Pro-Con Debate

Fibrinogen Concentrate or Cryoprecipitate for Treatment of Acquired Hypofibrinogenemia in Cardiac Surgical Patients

Nadia B. Hensley, MD; Michael A. Mazzeffi, MD, MPH, MSc, FASA


Anesth Analg. 2021;133(1):19-28. 

In This Article

Evidence for Fibrinogen Replacement in Cardiac Surgical Patients With Acquired Hypofibrinogenemia

Lyophilized, pooled fibrinogen concentrate has emerged as an alternative source of fibrinogen for the cardiac surgical patients with acquired hypofibrinogenemia. Fibrinogen concentrate has several potential advantages over cryoprecipitate, but there are also potential disadvantages. Given the increased emphasis that has been placed on reducing allogeneic transfusion in the cardiac surgical patients, the advantages and disadvantages of using fibrinogen concentrate or cryoprecipitate to treat acquired hypofibrinogenemia in the cardiac surgical patients must be considered.

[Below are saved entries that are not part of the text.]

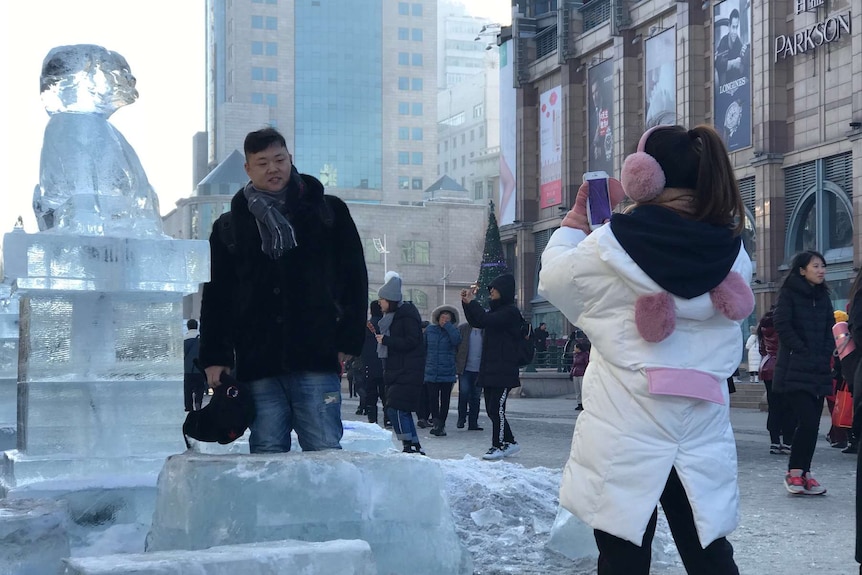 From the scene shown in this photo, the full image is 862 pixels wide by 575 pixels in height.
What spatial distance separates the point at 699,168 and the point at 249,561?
1.88m

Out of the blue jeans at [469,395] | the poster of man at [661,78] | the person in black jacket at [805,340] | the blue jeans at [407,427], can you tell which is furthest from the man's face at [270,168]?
the poster of man at [661,78]

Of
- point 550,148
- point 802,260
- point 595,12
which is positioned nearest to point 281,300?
point 802,260

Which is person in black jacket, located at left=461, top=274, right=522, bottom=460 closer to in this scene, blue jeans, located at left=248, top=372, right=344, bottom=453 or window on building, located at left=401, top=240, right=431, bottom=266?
blue jeans, located at left=248, top=372, right=344, bottom=453

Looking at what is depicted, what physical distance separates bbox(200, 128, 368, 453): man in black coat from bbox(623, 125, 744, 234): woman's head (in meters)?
1.54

In vitro and observational studies have demonstrated the importance of fibrinogen replacement for adequate hemostasis, yet randomized controlled trials of fibrinogen treatment compared to placebo have not shown a mortality benefit.[19] Cushing and Haas[20] examined these clinical trials and determined that fibrinogen's inconsistent efficacy may be related to design flaws in the trials themselves, including variable definitions for hypofibrinogenemia, inclusion of patients with insignificant bleeding, and off-protocol interventions.